### Recorded data
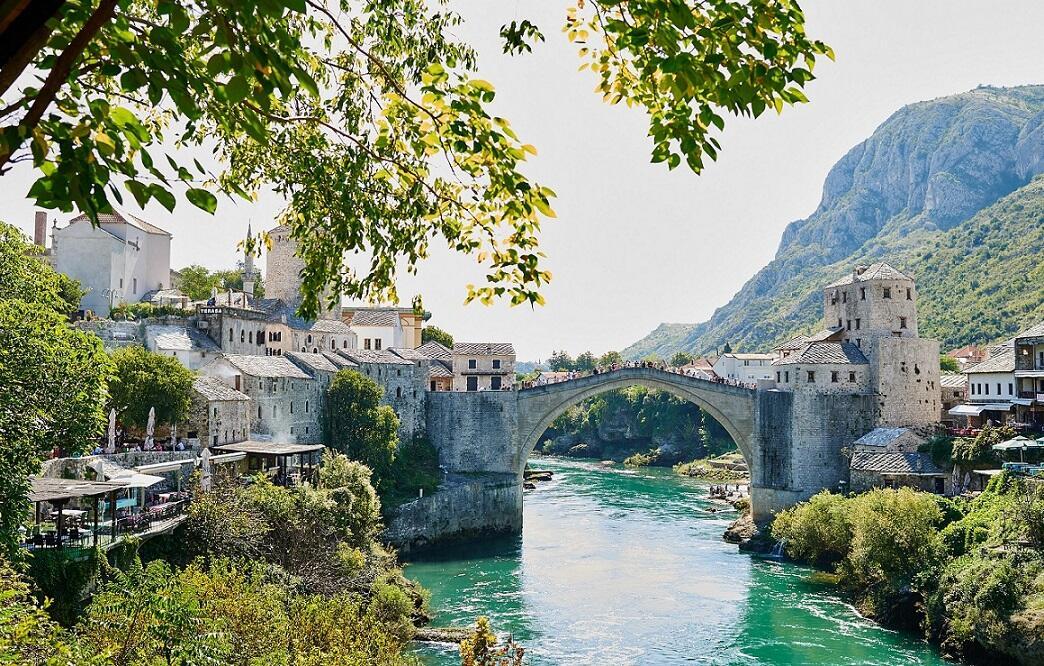 Balkanların duygusal durağı Mostar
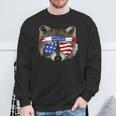 USA Patriotic Raccoon Unisex T-Shirt | July 4th Trash Panda Theme Gifts for Old Men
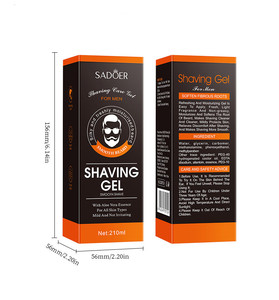 Venta al por mayor <span class=keywords><strong>de</strong></span> gel <span class=keywords><strong>de</strong></span> <span class=keywords><strong>afeitar</strong></span> hidratante Barbero transparente no irritante <span class=keywords><strong>para</strong></span> el uso <span class=keywords><strong>de</strong></span> los <span class=keywords><strong>hombres</strong></span> - Product Image 6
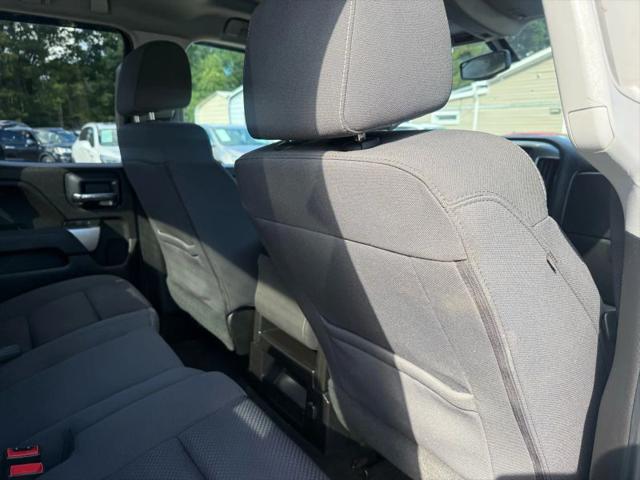 2018 Chevrolet Silverado 1500 1LT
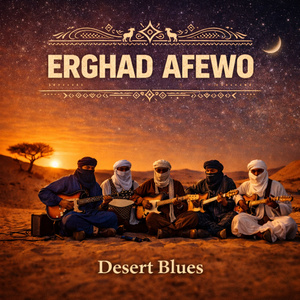 ERGHAD AFEWO Desert Blues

### Task to complete
Starting with the line that has "USA Patriotic Raccoon" and ending with the last line of the records, retype every line exactly and only those lines. Do not include the pictures.

### Finished task
 USA Patriotic Raccoon Unisex T-Shirt | July 4th Trash Panda Theme Gifts for Old Men
 Venta al por mayor <span class=keywords><strong>de</strong></span> gel <span class=keywords><strong>de</strong></span> <span class=keywords><strong>afeitar</strong></span> hidratante Barbero transparente no irritante <span class=keywords><strong>para</strong></span> el uso <span class=keywords><strong>de</strong></span> los <span class=keywords><strong>hombres</strong></span> - Product Image 6
 2018 Chevrolet Silverado 1500 1LT
 ERGHAD AFEWO Desert Blues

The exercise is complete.